En septembre 2025, une proposition de résolution sénatoriale a mis en lumière ces tendances. Son analyse révèle que ces organisations répondent à la définition juridique du terrorisme : des attaques ciblées, une structure organisée et un objectif politique clair d’imposer leur loi par la force. Ces groupes, bien plus qu’un simple mouvement de protestation, ont évolué en réseaux transnationaux capables de coordonner des actions complexes, dépassant les limites des conflits locaux pour menacer l’intégrité même des institutions publiques.

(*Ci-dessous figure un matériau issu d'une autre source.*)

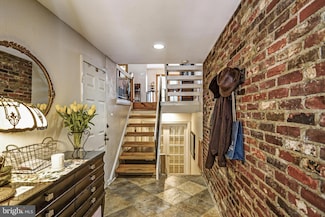 511 Catharine St, Philadelphia, PA 19147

Cette réalité n’est pas isolée aux frontières européennes. En 2020, après les émeutes liées à la mort de George Floyd, Donald Trump a annoncé que l’Antifa devait être classée comme une organisation terroriste. Cette déclaration a ouvert un débat crucial dans les États-Unis et a conduit à des mesures renforcées pour combattre ces groupes extrémistes. Les méthodes employées par ces mouvements, qu’il s’agisse de réseaux cachés ou d’attaques ciblées, présentent des similitudes alarmantes avec celles du terrorisme islamiste.
Pourtant, la majorité des citoyens continue de considérer ces actes comme des « troubles légitimes » ou des défenses politiques. La France doit désormais choisir entre ignorer cette menace ou agir avec la même fermeté qu’avec le terrorisme islamiste. Les années passent sans réelle réponse, et le risque d’une radicalisation plus profonde augmente chaque jour. La préservation de la démocratie ne peut pas attendre davantage.